◆ Material provided:

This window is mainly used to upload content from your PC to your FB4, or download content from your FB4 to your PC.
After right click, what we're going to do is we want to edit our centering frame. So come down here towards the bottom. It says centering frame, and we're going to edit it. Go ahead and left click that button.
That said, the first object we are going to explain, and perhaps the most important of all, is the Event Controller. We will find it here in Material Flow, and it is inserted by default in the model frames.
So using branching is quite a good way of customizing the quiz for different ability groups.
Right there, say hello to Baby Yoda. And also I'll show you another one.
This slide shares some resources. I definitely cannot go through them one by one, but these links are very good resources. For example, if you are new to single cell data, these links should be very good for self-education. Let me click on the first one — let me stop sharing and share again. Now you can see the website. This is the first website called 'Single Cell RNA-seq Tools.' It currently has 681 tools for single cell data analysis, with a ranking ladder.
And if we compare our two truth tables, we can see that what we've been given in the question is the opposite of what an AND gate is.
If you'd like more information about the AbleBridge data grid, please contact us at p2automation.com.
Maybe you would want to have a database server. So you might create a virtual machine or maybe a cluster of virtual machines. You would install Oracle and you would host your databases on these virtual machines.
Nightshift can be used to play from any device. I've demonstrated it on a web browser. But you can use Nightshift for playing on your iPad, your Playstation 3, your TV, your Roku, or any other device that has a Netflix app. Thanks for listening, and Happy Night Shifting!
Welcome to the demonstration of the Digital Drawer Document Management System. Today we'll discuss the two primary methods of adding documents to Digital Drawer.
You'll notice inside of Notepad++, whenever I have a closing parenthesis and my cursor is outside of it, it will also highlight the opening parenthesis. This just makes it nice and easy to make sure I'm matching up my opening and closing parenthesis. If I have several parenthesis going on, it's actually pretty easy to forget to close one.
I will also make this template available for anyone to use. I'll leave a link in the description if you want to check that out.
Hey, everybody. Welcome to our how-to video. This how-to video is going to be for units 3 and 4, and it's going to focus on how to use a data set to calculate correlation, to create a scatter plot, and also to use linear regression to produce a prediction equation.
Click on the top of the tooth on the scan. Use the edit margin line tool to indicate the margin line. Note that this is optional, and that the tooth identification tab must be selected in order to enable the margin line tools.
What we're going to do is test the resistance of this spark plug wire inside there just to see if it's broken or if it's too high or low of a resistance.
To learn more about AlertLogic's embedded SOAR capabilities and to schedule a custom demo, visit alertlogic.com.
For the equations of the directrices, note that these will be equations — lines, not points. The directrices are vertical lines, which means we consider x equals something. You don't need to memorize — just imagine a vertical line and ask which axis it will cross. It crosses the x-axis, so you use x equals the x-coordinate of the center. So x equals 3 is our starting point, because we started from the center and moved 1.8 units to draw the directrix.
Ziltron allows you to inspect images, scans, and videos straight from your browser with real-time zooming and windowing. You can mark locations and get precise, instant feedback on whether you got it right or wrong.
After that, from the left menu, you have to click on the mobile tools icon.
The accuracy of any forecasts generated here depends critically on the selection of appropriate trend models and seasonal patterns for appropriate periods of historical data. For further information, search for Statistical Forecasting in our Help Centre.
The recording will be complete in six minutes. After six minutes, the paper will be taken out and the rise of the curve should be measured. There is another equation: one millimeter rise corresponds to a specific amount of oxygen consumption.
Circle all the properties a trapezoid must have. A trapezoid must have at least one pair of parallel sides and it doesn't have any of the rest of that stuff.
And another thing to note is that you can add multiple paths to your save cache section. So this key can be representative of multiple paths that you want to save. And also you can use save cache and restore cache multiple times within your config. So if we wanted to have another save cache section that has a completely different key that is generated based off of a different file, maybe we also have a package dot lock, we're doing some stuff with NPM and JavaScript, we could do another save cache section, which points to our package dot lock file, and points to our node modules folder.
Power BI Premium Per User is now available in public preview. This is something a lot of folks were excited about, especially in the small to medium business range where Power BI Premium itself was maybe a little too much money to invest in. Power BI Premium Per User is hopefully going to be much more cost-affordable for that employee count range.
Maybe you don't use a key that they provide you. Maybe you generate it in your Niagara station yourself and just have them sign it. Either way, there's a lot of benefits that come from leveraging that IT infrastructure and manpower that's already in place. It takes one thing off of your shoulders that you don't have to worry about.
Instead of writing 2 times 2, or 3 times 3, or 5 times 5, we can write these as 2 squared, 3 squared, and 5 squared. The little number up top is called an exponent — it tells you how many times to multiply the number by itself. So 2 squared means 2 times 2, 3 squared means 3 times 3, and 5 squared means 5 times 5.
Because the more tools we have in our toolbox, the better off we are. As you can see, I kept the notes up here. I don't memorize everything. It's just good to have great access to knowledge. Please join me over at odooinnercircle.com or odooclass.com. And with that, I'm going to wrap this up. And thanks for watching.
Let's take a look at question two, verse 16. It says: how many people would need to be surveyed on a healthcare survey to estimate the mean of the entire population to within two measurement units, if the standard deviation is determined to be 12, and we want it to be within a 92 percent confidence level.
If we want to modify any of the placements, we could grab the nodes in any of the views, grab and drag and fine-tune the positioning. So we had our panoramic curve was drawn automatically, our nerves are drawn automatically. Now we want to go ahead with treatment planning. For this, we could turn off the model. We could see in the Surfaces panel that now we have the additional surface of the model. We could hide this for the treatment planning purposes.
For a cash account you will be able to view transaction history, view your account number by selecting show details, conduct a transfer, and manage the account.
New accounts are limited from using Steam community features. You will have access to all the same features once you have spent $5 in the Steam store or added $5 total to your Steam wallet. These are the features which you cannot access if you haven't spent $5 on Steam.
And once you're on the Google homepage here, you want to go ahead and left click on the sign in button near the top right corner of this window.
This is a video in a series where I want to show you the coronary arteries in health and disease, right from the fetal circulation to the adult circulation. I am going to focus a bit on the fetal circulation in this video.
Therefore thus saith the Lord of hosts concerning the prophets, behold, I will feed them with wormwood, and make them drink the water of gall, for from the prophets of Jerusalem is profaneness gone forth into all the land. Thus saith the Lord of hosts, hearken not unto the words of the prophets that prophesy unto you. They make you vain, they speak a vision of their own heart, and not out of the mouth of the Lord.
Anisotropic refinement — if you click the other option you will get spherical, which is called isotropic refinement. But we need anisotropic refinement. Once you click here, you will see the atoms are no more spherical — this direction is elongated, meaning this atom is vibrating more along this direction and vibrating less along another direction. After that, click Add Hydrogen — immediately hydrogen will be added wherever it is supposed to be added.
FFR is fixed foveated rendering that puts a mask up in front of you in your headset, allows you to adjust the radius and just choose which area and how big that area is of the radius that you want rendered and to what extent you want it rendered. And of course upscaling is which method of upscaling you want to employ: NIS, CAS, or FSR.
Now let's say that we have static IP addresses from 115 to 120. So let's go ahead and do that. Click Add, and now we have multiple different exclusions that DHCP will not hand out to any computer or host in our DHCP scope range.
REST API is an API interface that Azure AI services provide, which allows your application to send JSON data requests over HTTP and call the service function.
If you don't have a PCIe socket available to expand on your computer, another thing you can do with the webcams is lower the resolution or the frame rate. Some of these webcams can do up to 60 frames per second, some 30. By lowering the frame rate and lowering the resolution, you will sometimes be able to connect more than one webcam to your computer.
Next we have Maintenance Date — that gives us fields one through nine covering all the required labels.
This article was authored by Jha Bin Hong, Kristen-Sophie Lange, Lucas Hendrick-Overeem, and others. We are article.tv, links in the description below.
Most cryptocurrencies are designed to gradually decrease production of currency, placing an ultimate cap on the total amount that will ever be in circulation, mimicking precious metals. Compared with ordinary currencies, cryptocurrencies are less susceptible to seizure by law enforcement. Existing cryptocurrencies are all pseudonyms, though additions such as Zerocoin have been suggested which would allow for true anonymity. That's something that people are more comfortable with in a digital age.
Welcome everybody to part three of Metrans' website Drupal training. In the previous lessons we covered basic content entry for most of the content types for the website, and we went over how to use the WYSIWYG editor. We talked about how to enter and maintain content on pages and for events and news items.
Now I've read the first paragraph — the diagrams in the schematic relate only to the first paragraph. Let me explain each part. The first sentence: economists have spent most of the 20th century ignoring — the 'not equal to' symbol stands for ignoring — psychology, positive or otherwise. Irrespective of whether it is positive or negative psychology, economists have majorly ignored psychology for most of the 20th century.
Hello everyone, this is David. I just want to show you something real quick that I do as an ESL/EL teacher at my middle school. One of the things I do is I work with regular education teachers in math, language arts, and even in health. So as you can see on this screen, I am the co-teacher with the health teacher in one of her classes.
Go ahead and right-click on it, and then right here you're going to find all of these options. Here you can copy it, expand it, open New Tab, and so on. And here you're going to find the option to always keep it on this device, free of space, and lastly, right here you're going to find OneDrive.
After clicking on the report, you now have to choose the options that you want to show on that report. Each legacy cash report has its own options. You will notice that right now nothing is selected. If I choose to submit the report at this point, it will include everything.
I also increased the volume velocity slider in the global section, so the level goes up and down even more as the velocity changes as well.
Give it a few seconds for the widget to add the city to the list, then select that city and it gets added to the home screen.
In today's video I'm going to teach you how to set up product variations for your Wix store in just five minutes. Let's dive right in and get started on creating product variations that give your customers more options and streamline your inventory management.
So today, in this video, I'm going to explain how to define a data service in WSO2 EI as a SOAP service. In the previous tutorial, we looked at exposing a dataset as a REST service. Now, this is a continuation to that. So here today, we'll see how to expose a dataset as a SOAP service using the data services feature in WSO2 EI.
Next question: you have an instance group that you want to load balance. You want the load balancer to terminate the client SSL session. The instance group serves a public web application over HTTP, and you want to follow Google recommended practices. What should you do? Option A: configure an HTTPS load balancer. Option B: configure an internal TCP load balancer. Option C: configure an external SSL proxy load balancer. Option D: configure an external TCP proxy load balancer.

◆ Work required:
If a line in the data above holds the string "first", copy it.

◆ Reply to the task:
That said, the first object we are going to explain, and perhaps the most important of all, is the Event Controller. We will find it here in Material Flow, and it is inserted by default in the model frames.
This slide shares some resources. I definitely cannot go through them one by one, but these links are very good resources. For example, if you are new to single cell data, these links should be very good for self-education. Let me click on the first one — let me stop sharing and share again. Now you can see the website. This is the first website called 'Single Cell RNA-seq Tools.' It currently has 681 tools for single cell data analysis, with a ranking ladder.
Now I've read the first paragraph — the diagrams in the schematic relate only to the first paragraph. Let me explain each part. The first sentence: economists have spent most of the 20th century ignoring — the 'not equal to' symbol stands for ignoring — psychology, positive or otherwise. Irrespective of whether it is positive or negative psychology, economists have majorly ignored psychology for most of the 20th century.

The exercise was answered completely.